The quotes around the "$i" are generally a good idea. In this context, with the modified $IFS, it actually isn't critical, but good habits are good habits even so. It matters in the following script:

old="$IFS"
IFS='
'
for i in $(<file)
do
   (
   IFS="$old"
   echo "$i"
   )
done

when the data file contains multiple spaces between words:

$ cat file
abc                  123,         comma
the   quick   brown   fox
jumped   over   the   lazy   dog
comma,   comma
$ 

Output:

$ sh bq.sh
abc                  123,         comma
the   quick   brown   fox
jumped   over   the   lazy   dog
comma,   comma
$

Without the double quotes:

$ cat bq.sh
old="$IFS"
IFS='
'
for i in $(<file)
do
   (
   IFS="$old"
   echo $i
   )
done
$ sh bq.sh
abc 123, comma
the quick brown fox
jumped over the lazy dog
comma, comma
$

Solution 2

You can use IFS variable to specific you want a newline as the field separator:

IFS=$'\n'
for i in `cat file`
do
   echo $i
done

Solution 3

cat filename | while read i
do
    echo $i
done

Solution 4

the for loop coupled with a change of the internal field separator(IFS) will read file as intended

for an input

abc 123, comma
the quick brown fox
jumped over the lazy dog
comma, comma

For loop coupled with an IFS change

old_IFS=$IFS
IFS=$'\n'
for i in `cat file`
do
        echo $i
done
IFS=$old_IFS

results in

abc 123, comma
the quick brown fox
jumped over the lazy dog
comma, comma

Solution 5

IFS - Internal field separator can be set to get what you want.
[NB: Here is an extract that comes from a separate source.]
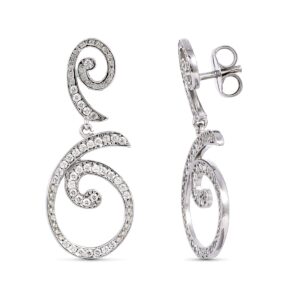 18K PENDIENTES LARGOS ORO BLANCO CON CIRCONITA 35X14 MM CIERRE PRESION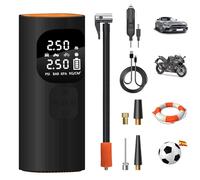 AWESAFE 10000mAh Compresor Aire Portatil 150PSI &Power Bank, Inflador Ruedas Coche Cableado o Inalámbrico con Pantalla LCD Digital y LED SOS, Bomba de Aire Bicicletas, Scooters, Moto, Coche, Pelotas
To read a whole line at once, use: IFS=""

Share:
53,404

Related videos on Youtube

Classified
Author by

Classified

Updated on April 02, 2021

Comments

  • Classified
    Classified about 3 years

    I have a text file that contains something like this:

    abc 123, comma
    the quick brown fox
    jumped over the lazy dog
    comma, comma
    

    I wrote a script

    for i in `cat file`
    do
       echo $i
    done
    

    For some reason, the output of the script doesn't output the file line by line but breaks it off at the commas, as well as the newline. Why is cat or "for blah in cat xyz" doing this and how can I make it NOT do this? I know I can use a

    while read line
    do
       blah balh blah
    done < file
    

    but I want to know why cat or the "for blah in" is doing this to further my understanding of unix commands. Cat's man page didn't help me and looking at for or looping in the bash manual didn't yield any answers (http://www.gnu.org/software/bash/manual/bashref.html). Thanks in advance for your help.

  • chepner
    chepner almost 11 years
    Simply use IFS= read -r line to preserve all whitespace in the line.
  • Jonathan Leffler
    Jonathan Leffler almost 11 years
    The only reason the spacing is 'lost' with the while loop is because you used echo $line rather than echo "$line". If spacing is important, enclose the variable reference in double quotes.
  • Charles Duffy
    Charles Duffy almost 11 years
    As chepner says, this should be read -r to avoid unintended side effects (evaluating backslash escape sequences).
  • Charles Duffy
    Charles Duffy almost 11 years
    Unsafe -- you've prevented string-splitting, but you haven't prevented glob expansion. If a line contains *, that will be expanded to a list of names in the current directory during the echo.
  • Classified
    Classified almost 11 years
    thx for your help and reply. I'm a little confused here with bash/*nix. I didn't change IFS. It's set as a newline by default. I checked it with echo "IFS = $IFS word test" and the string "word test" got printed to the following line so we know it's \n by default. In any case, using the default IFS, it breaks my line at the comma even though IFS=\n. When I do as you suggested above, by setting the IFS explicitly to \n, then it prints my whole line without breaking over the comma. Any idea why it works when it's explicitly set as \n and not work when by default IFS is already \n? Thanks again.
  • Jonathan Leffler
    Jonathan Leffler almost 11 years
    The default value of IFS is (using a piece of bash-speak) $' \t\n'; that is, it consists of blank, tab, newline. This probably alters your analysis. When you say 'breaks at the comma', you mean it breaks at the space after the comma, I believe, which is consistent with IFS containing blank (and tab and newline).